Les délits concernent aussi les occupations et constructions illicites, dont 48 cas enregistrés l’année dernière. Le phénomène qui touche essentiellement les zones de Beni Slimane et Souk El Tenine trouve son compte dans le problème d’exécution des jugements de la justice. A la circonscription, on nous dira : « On n’a pas les moyens de détruire ces constructions. »

Autre aspect de la déforestation : les incendies de forêt qui ont ravagé 2030 ha, dont près de 500 ha de forêt, suite à 198 foyers déclarés, notamment dans la forêt de chêne-liège de Taourirt Ighil (Adekar) et dans la région Tichy-Béjaïa. Quelles solutions pour la déforestation du fait des coupes illicites ? En attendant le classement de la forêt d’Akfadou parc national, supposant donc une meilleure dotation en moyens (projet finalisé par la Direction générale des forêts et soumis au gouvernement), les forestiers se munissent dans leur chasse aux pilleurs de la loi forestière et d’une somme de dispositions pensées dans l’objectif de « limiter les dégâts ». Du bois de feu mort est donné gratuitement aux riverains qui en formulent la demande pour une quantité qui ne dépasse pas les besoins domestiques.

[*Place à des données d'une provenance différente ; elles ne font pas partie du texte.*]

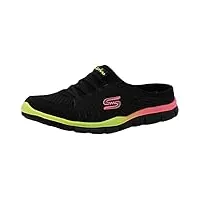 skechers women's no limits slip-on mule sneaker black/black/multi 7 wide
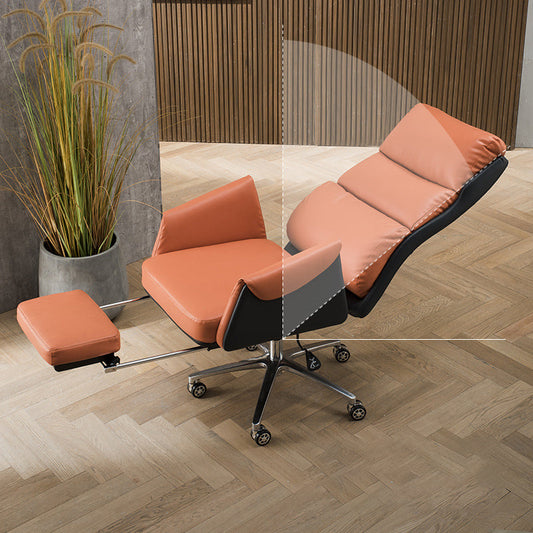 Modern Slide High Back Office Chair Leather Executive Chair with Footrest Clearhalo 'furn' 'furn_office_chair' 'Furniture' 'Office Chairs' 'Office Furniture' 'office_chair' 6267809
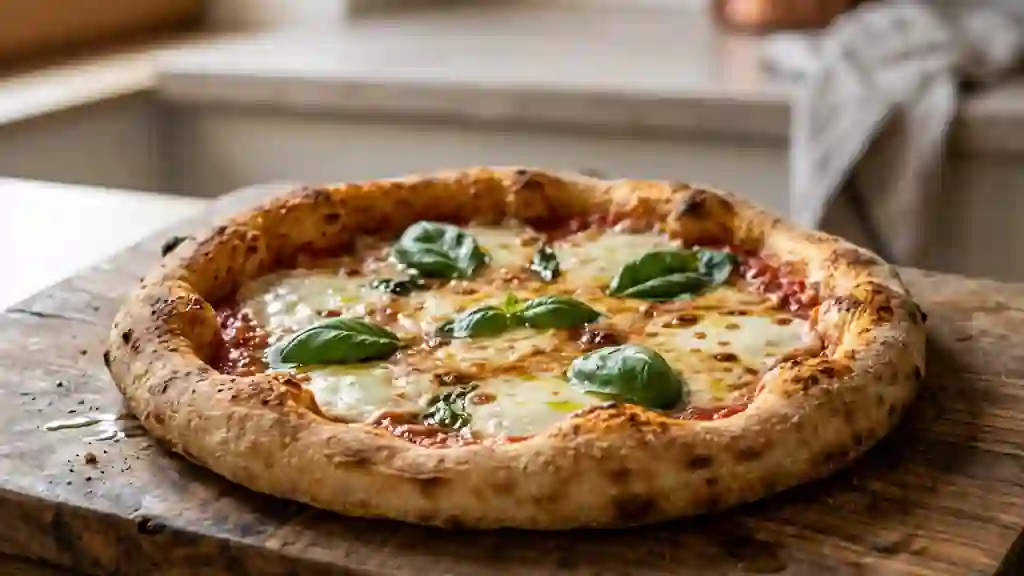 Pâte à pizza aérienne et dorée - Photo de présentation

Pour les besoins des exploitants forestiers, l’administration applique un tarif de cession « préférentiel » autant pour ces différentes variétés de bois que pour les menus produits comme les pierres, les plantes médicinales et la souche de bruyère. En 2004, 966 perches et 461 m3 de pierre, entre autres produits, ont été vendus. Appliquée il y a plus d’une année aux riverains de la forêt d’Akfadou, la gratuité du bois de feu est généralisée depuis un peu plus d’un mois. Plus de 200 parcelles de terre au total ont été données en amodiation, alors que 21 projets de proximité approuvés au profit de plusieurs villages de la région sont en cours de réalisation selon la circonscription des forêts. Autant de solutions mises en œuvre par les pouvoirs publics, mais qui peinent à arracher la forêt des griffes de ses destructeurs bien que les dégâts soient loin d’égaler ceux subis durant les événements de Kabylie. Le phénomène, particulièrement accentué en ces temps de froid pour le bois de chauffage dans plusieurs endroits de la région, persiste. Comme se cramponne aux arbres la mafia du bois.